You could use political events associated with a time and place in the same way to suggest what life for your ancestors was like. Nancy Hendrickson, a Contributing Editor of Family Tree Magazine provides an excellent example of how it’s done. You have only an isolated fact to work with. In Hendrickson’s example, “My family was included in the Putnam County, Missouri, 1860 federal census.” Here’s how she puts that single fact into a rich historical context:
In the fall of 1860, an Assistant U.S. Marshal traveled the rolling green hills of Putnam County, Missouri, questioning the people in every household. He asked their names and ages, occupation and birth place. As an agent of the Secretary of the Interior, he was charged with the responsibility of taking the Eighth U.S. Federal Census. He was called the enumerator. As he traveled the county, he probably got an earful of local politics—after all, the presidential election was only weeks away and with the South’s threat to leave the Union should Lincoln be elected, secession talk had to be in the wind. That, and the institution that James Russell Lowell called “the relic of a bygone world”—slavery. In this census year, a separate enumeration called a Slave Schedule, was also taken. This would be the last time in the country’s history that slaves would be counted.
The context makes the fact read like a story and helps us to understand the world in which the people listed in that census lived. It’s a way to help your reader share the experiences of the ancestors who people your book.
Whose Memoir is This Anyway?
Biff Barnes
So you’re concerned that your siblings have a different recollection of your family’s history than the one you want to put in your book. Your concern is not unique.
A melodrama of competing versions of a personal history is being played out today in the family of Ernest Hemmingway.
When Hemmingway committed suicide in 1961 his memoir, A Moveable Feast, was unfinished. Mary Hemmingway, his fourth wife reviewed the unfinished material with an editor from Scribner’s and assembled a book which was published in 1964.
Fast forward forty-five years. Hemmingway’s son, Patrick, succeeded Mary Hemmingway who had passed away as his father’s literary executor.

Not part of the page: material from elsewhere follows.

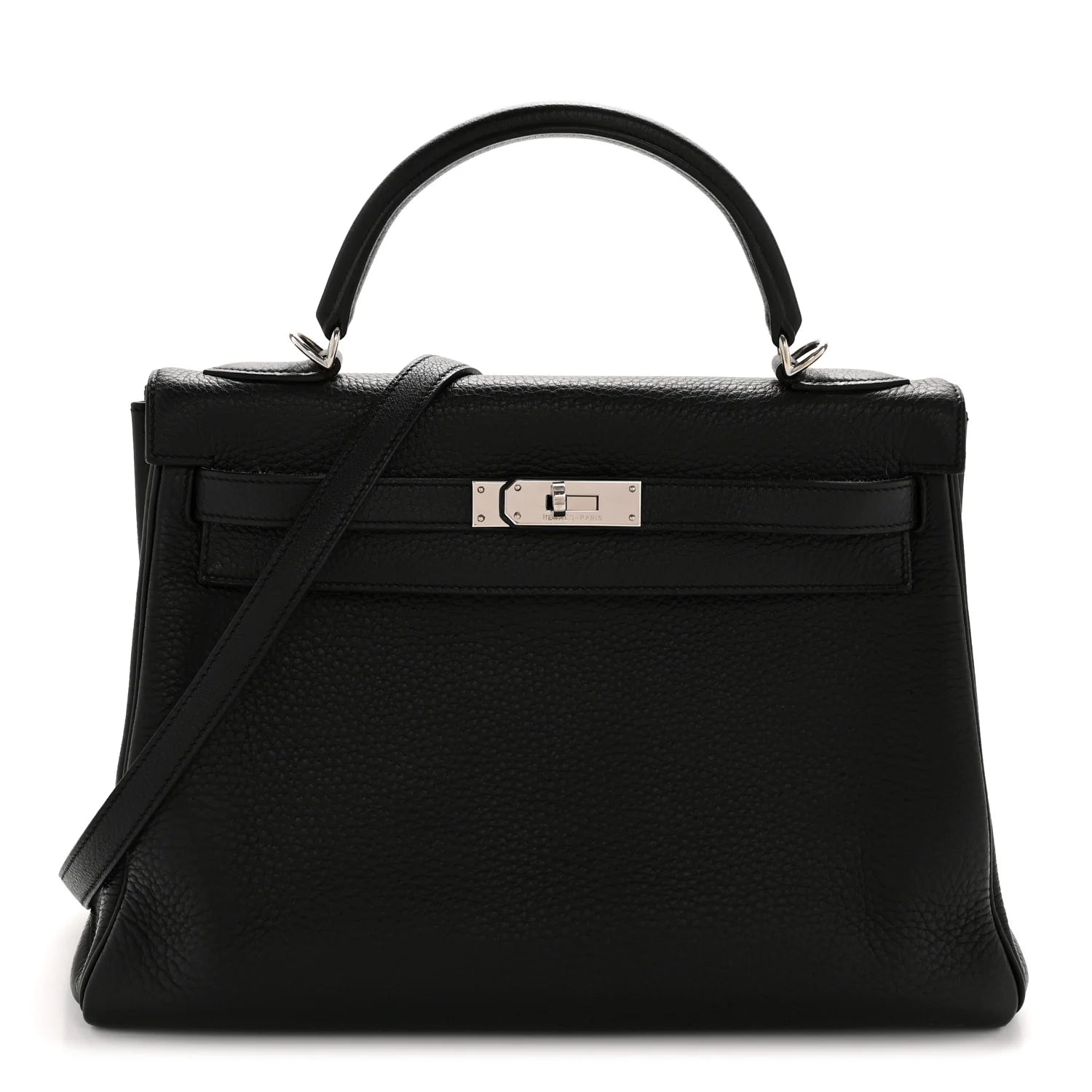 Taurillon Clemence Kelly Retourne 32 Black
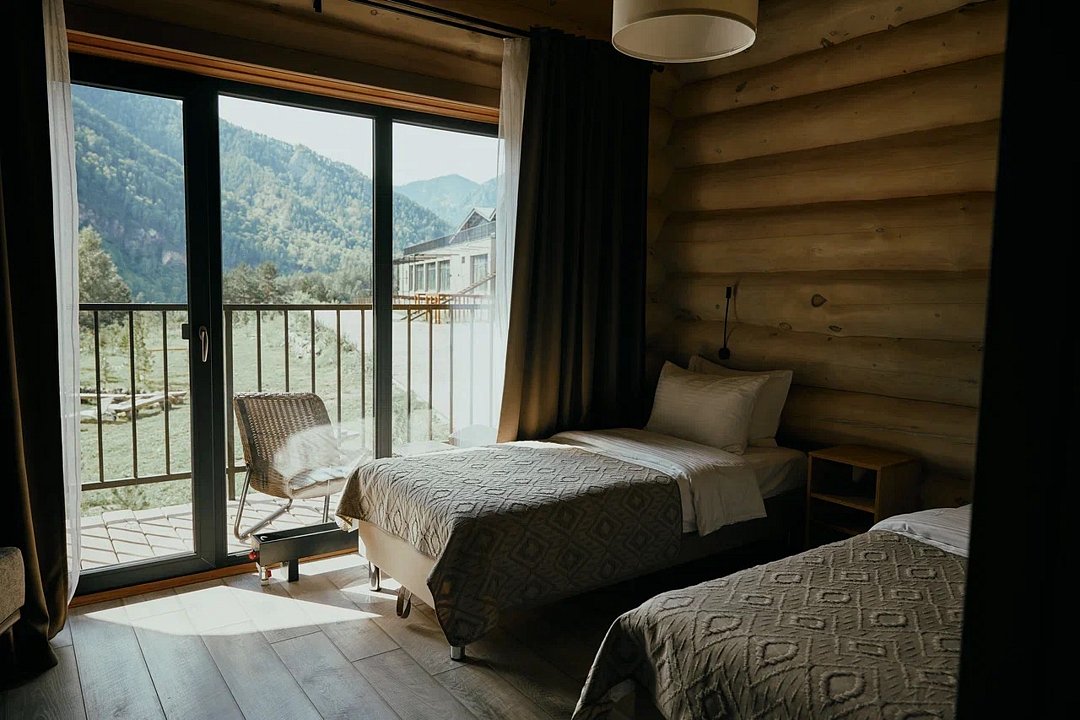 Стандартный 2-местный Твин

"I thought the original edition was just terrible about my mother," said Patrick. Mary Hemmingway had been the fourth Mrs. Hemmingway. Patrick’s mother was Pauline Pfeiffer, the second Mrs. Hemmingway. His concern was with the way the affair between Pauline and Hemmingway broke up his first marriage to Hadley Richardson.
So Patrick set out to create a revised edition. Patrick’s son, Sean, served as editor for the new version. Ernest Hemmingway had written several versions of his book and saved all the drafts. The new edition makes use of versions that Mary Hemmingway had ignored in the first edition.

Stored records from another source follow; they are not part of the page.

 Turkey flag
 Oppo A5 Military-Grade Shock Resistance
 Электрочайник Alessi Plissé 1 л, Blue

In his notebooks Ernest Hemmingway had also said that the book was a work of fiction although conceding that fiction often contains true stories.

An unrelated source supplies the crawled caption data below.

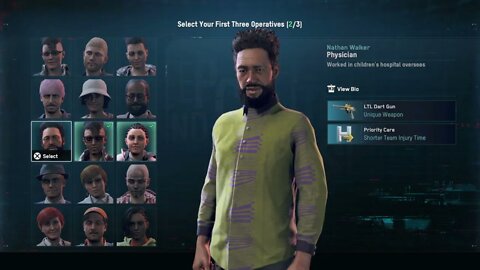 Watch Dogs: Legion Part 2-Meeting The Team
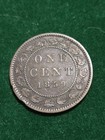 1859 Canada Large Cent 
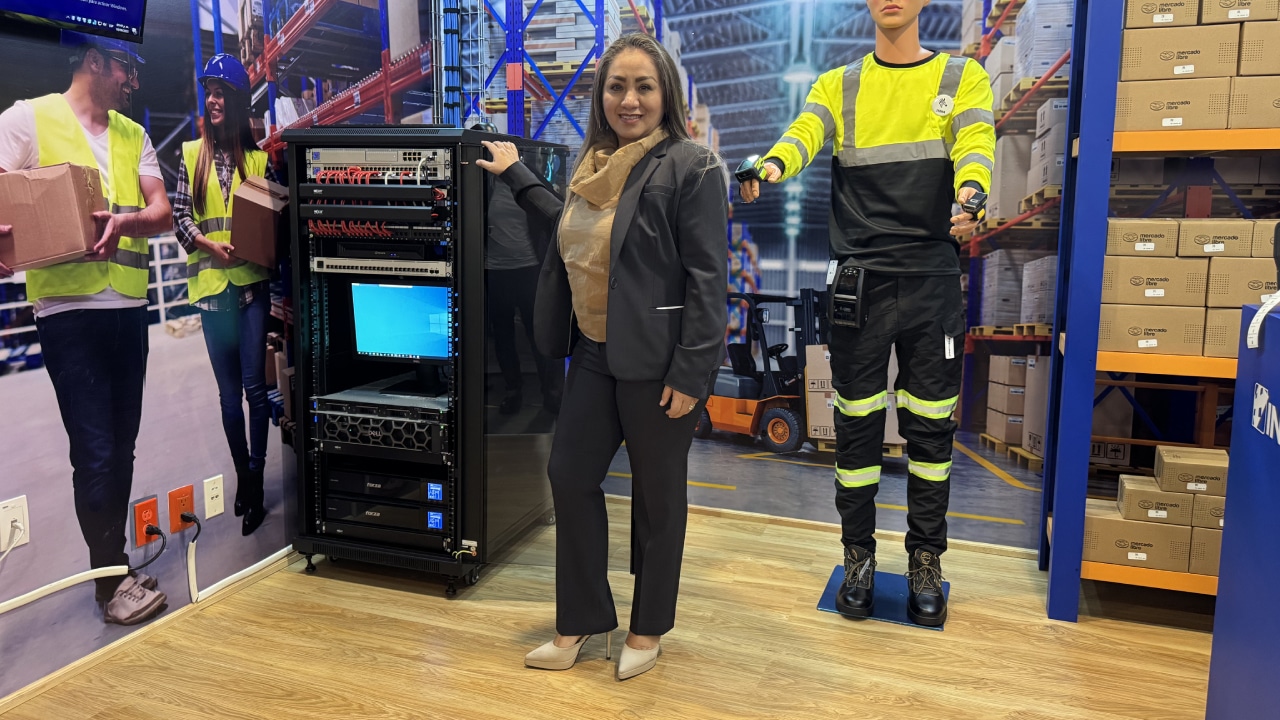 Intcomex estrenó centro de experiencia para elevar ganancias del canal: Marisol Audelo de Intcomex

Robert Fulford summed the situation up in Canada’s National Post online. He wrote, “So Hemingway revised reality as he half-remembered it, and Mary selected from his versions the material she wanted, and Sean made some different decisions. The 2009 book turned out to be a revision of a revision of a revision.”
Your memoir or family history may never satisfy all of the members of your family. They may have their own memories of the events. If they want to share their version with others, they can write their own book. As for you, you might best be guided by novelist Gore Vidal’s comment on his own memoir, “a memoir is how one remembers one’s own life.”